▶ **ASSIGNED TASK**: Give back the lines below exactly, but do not include any pictures.

▶ **DATA BLOCK**:
*** Begin section ***

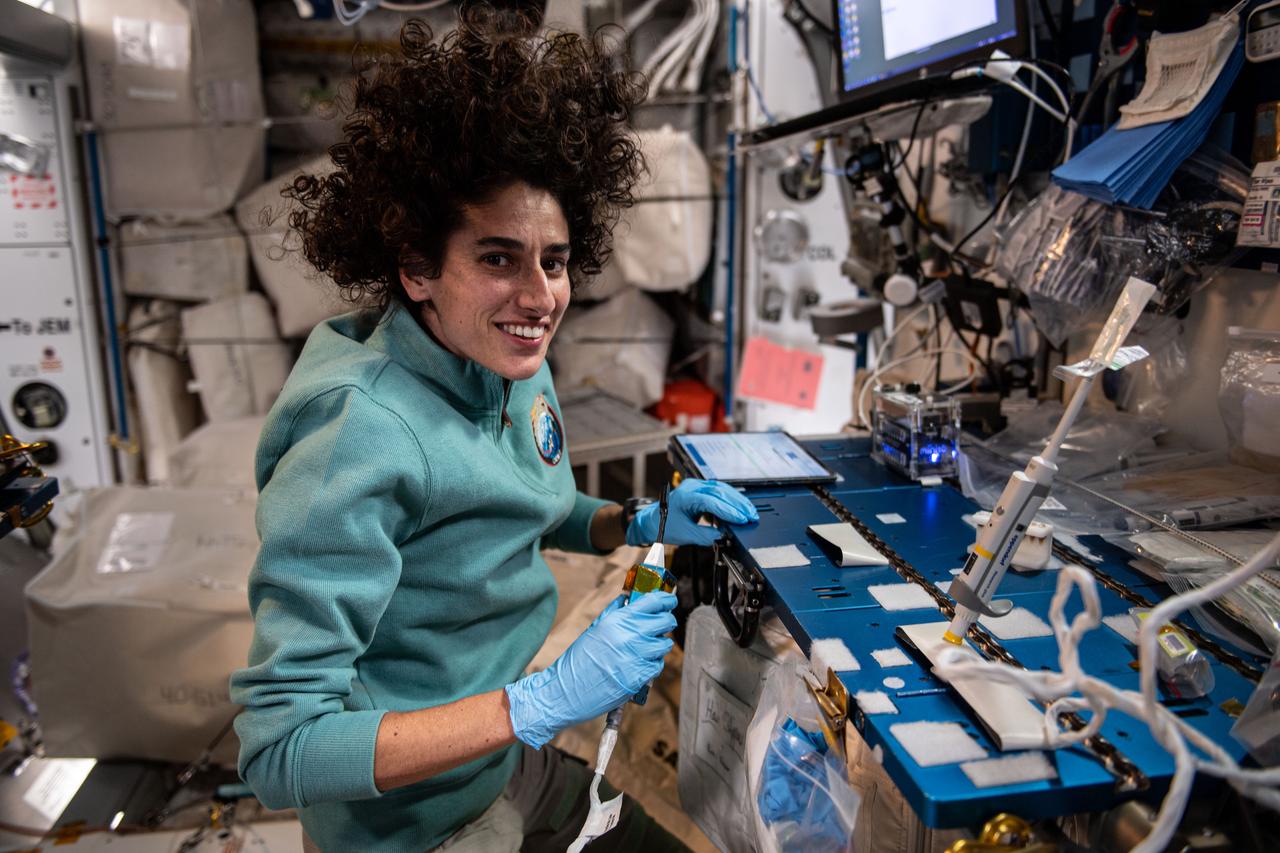 iss070e005386 (Oct. 18, 2023) --- NASA astronaut and Expedition 70 Flight Engineer Jasmin Moghbeli uses a portable DNA detection device that can be found in laboratories and classrooms on Earth. She was identifying bacteria extracted from water samples collected aboard the International Space Station. Known as BioMole, the study is demonstrating the ability to monitor the spacecraft’s microbial environment without sending samples back to Earth for analysis.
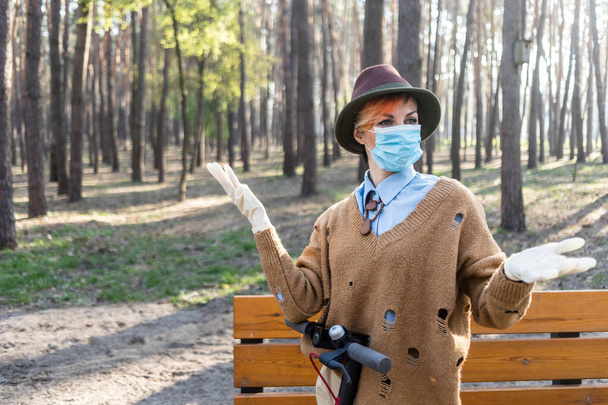Una mujer elegante con máscara y guantes para defenderla de coronavirus. Uso de scooter eléctrico en la ciudad y el parque para estar a salvo
. - Foto, imagen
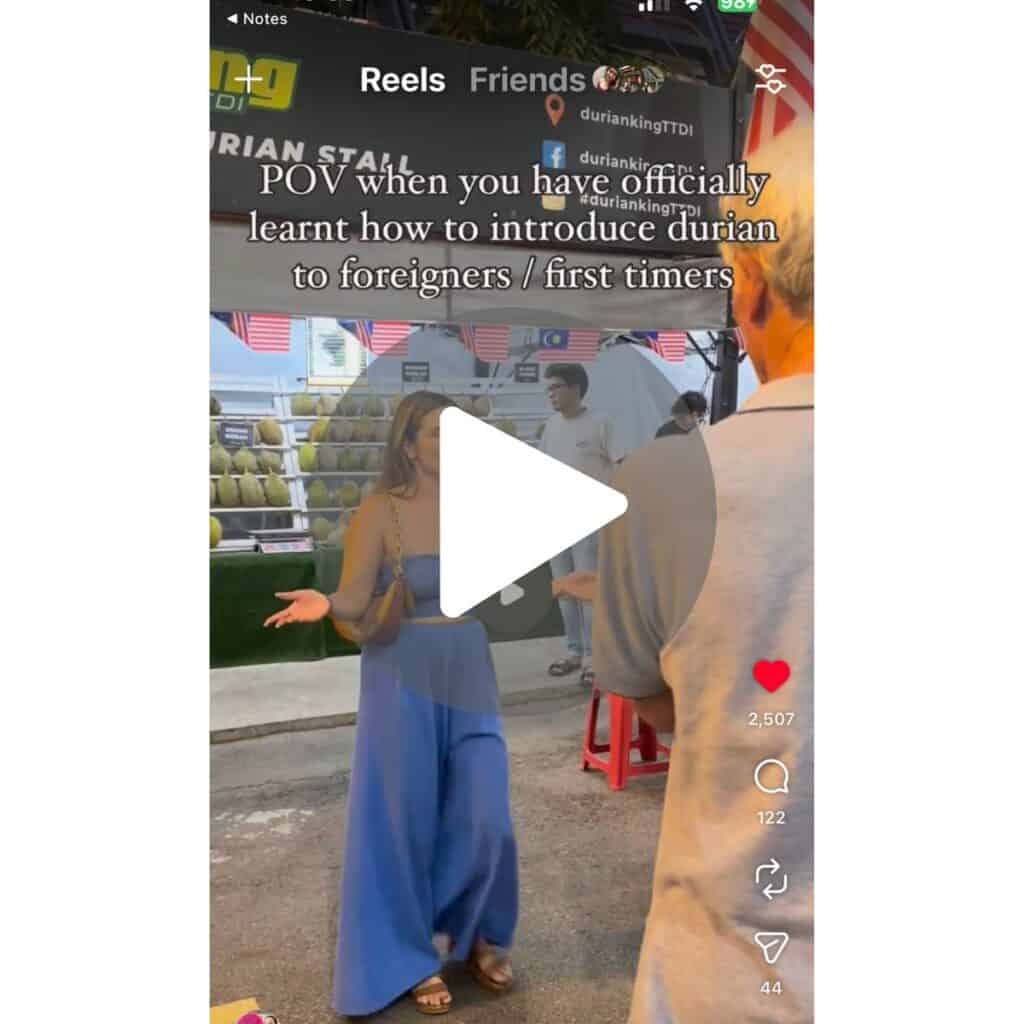 A screenshot of a viral video of girl getting foreigners to try durian for the first time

*** End section ***

▶ **SOLUTION**:
 iss070e005386 (Oct. 18, 2023) --- NASA astronaut and Expedition 70 Flight Engineer Jasmin Moghbeli uses a portable DNA detection device that can be found in laboratories and classrooms on Earth. She was identifying bacteria extracted from water samples collected aboard the International Space Station. Known as BioMole, the study is demonstrating the ability to monitor the spacecraft’s microbial environment without sending samples back to Earth for analysis.
Una mujer elegante con máscara y guantes para defenderla de coronavirus. Uso de scooter eléctrico en la ciudad y el parque para estar a salvo
. - Foto, imagen
 A screenshot of a viral video of girl getting foreigners to try durian for the first time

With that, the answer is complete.